環境省が2022年度税制改正要望に、カーボンプライシング(CP)について踏み込んだ文言を盛り込んだことが、波紋を広げている。当初の資料にはなかった「(政府が)年内に一定の方向性の取りまとめをすべく」との一文を最終版に追加。環境省と経済産業省の事務方の間で調整した内容にはこの一文はなく、小泉進次郎環境相の土壇場の指示によるものと見られている。

環境省はこれまでの税制改正要望では、CPについては「専門的・技術的な議論が必要」といった表現にとどめ、具体的な要望には盛り込まなかった。産業界関係者からの反対意見は根強く、同省事務方は長年重ねてきた議論をぶち壊すことは望ましくないとの考えだった。
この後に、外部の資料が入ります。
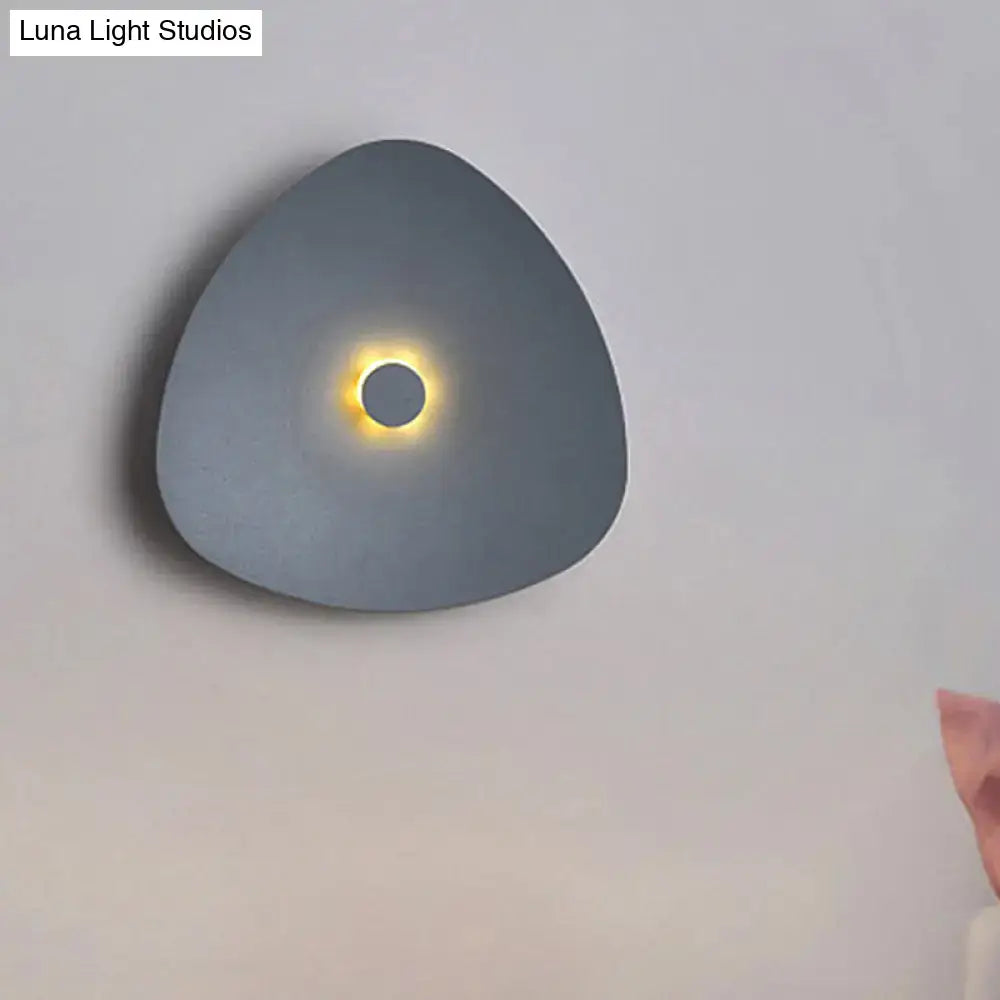 Modern white acrylic flaky sconce light bedroom wall fixture with sleek matte gray triangular sconce light emitting warm glow
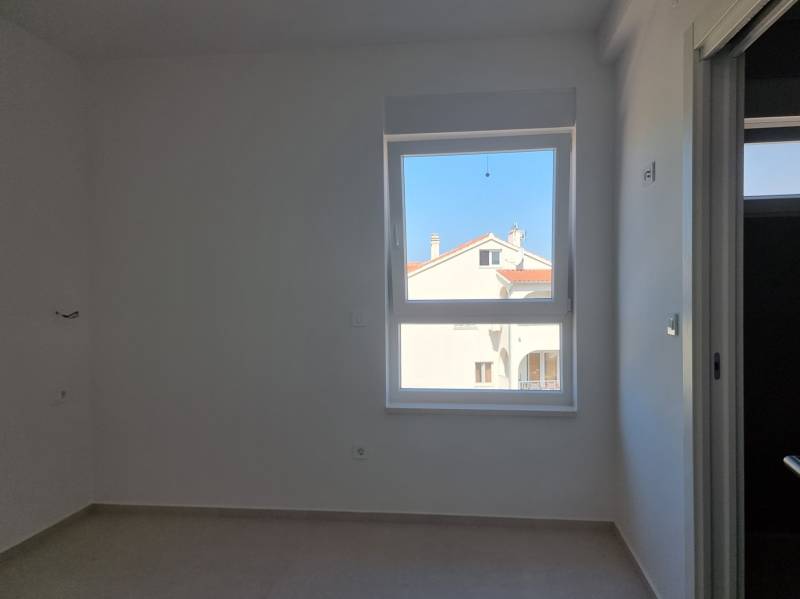 A room in a 4-room apartment with a view of the garden, bright walls, window.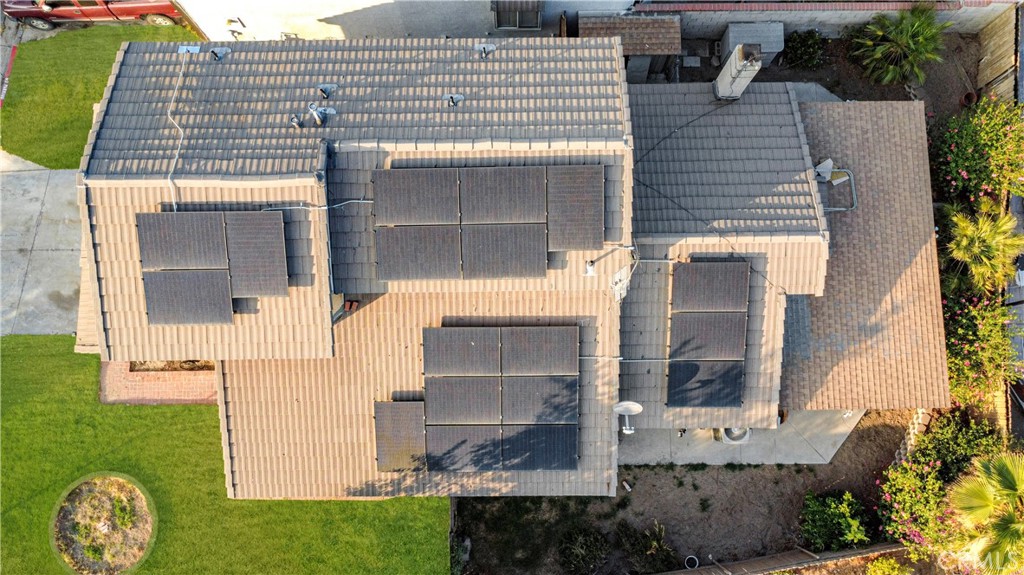 881 South Lamarr Street Rialto, CA 92376 - Photo 46 of 54 a front view of a house with garden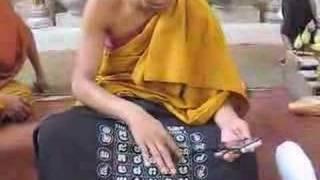 Monk Teaches Khmer Alphabet at Angkor Wat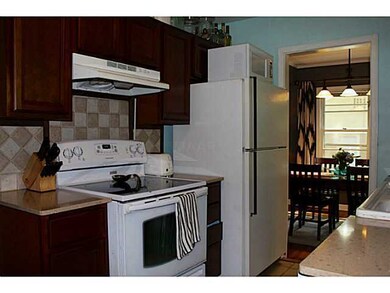 Backsplash, cabinets, and counter tops are neutral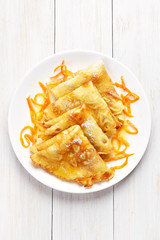 Crepes with orange sauce
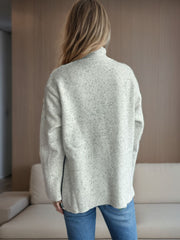 Light grey speckled turtleneck sweater with ribbed hem and side slit detail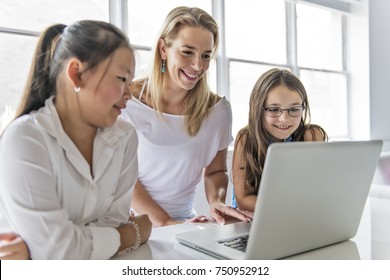 A Child With Technology Tablet And Laptop Computer In Classroom Teacher On The Background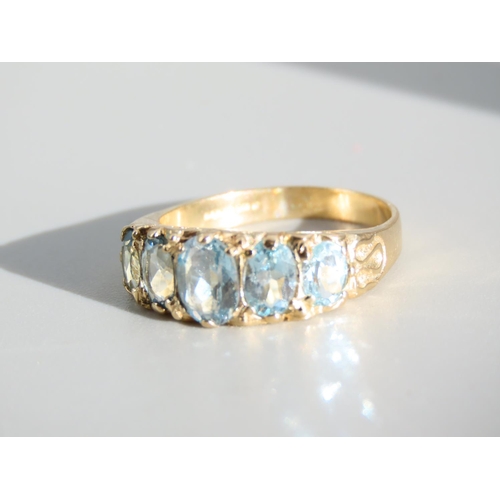 267 - Aquamarine Five Stone Ring Mounted on 9 Carat Yellow Gold Band Ring Size P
一方、小泉氏は昨年末の会見で「来年(21年)の最大の目標はCPを前に進めること」と述べるなど、議論の前進に意欲を見せていた。今年初旬から環境省と経産省はそれぞれ、50年のカーボンニュートラル実現を見据えたCPの議論を始め、夏までに中間整理をまとめている。環境省の中間整理はこれまで同様に両論併記となったものの、引き続き議論を重ねて年内の取りまとめを目指すとしている。
そんな中での税制改正要望の書きぶりに、産業界の関心が集まっていた。「いついつまでに税制のグリーン化の方向性を示すなど、期限を区切った一文が入ると厄介」(エネルギー関係者)といった声が出ていたが、その懸念が現実のものとなったわけだ。
石石税見直しにも言及 環境次官が異例の挨拶
小泉氏は8月31日の閣議後会見で、「CPを今回の税制改正要望にノミネートしたことが最大のポイント」とし、「年内の取りまとめ」という一文の追加については「不退転の決意を環境省としても示している」と力説した。確かに同省の審議会では年内の取りまとめを目指すとしており、それが税制改正要望に入ったことのインパクトは大きい。
また小泉氏は、長期的に炭素価格が上がるという価格シグナルを示すことで、企業の脱炭素に向けた取り組みが加速するとして、CPの方向性を早く決めるべきだと主張。この点がCPのポイントだとし、「コロナ禍で経済が痛んでいる状況下での導入は避けるべき」だといった反対意見については「CPのことを理解されていない」と突っぱねた。さらに既存税制の見直しの必要性まで示唆。石油石炭税について、石炭の税率が低い点がカーボンニュートラルに逆行すると問題提起した上で、「政府全体として脱炭素型に政策を変えていく取り組みを、環境省を挙げて不退転の決意でやっていきたいという職員の思いが表明された」と強調した。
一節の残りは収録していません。